There are legitimate complaints that Macs have lost their “wow” factor. The MacBook Pro and Mac mini are long-in-the-tooth. And the Mac Pro is practically extinct by computer years.
In a 2015 report, Needham & Company Analyst Charlie Wolf said that the Mac’s “wow factor” is gradually fading and is no longer attracting as many “switcher” customers from Windows machines. Can Apple change this?
Wolf estimated that more than 40 million Windows users had switched to the Mac since 2005. That’s a figure twice the size of the Mac installed base at the beginning of that period.
However, the effect may have been greater in the past, Wolf said, when the quality gap between the Windows experience and the Mac experience was greater. What’s more, PC designs, have become “satisfactory for the jobs to be done.” Still, he noted that the Mac continues to generate the lion’s share of computer profits — more than the top PC makers in the world combined.

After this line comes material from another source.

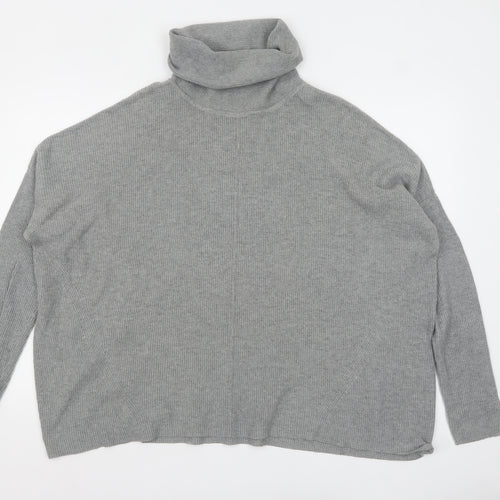 Warehouse Women Grey Roll Neck Long Sleeve Knit Jumper Size 12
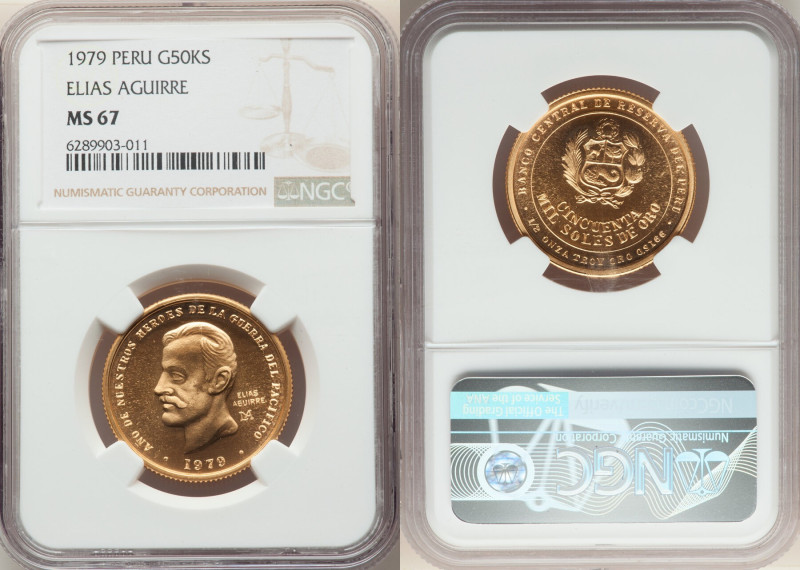 Republic gold "Elias Aguirre" 50000 Soles 1979-LM MS67 NGC, Lima mint, KM278. Mi...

“Apple’s challenge as we see it is to continue to introduce compelling new versions of iMacs and MacBooks,” Wolf wrote. “But that’s a tall order given that the company has already introduced what in our view are virtually the ‘perfect’ machines for the PC market.”
This poses a problem for Apple. If they’re going to make “near-perfect” computers even better, what can they do, hardware-wise? Return to offering color options as with the original iMac? Add touch screens? Perhaps a “foldable laptop” as an Apple patent (number 268943) for a new flexible material that could be used as the enclosure and hinge mechanism for a future MacBook hints at?
What do you think Apple should do to return the “wow factor” to the Mac?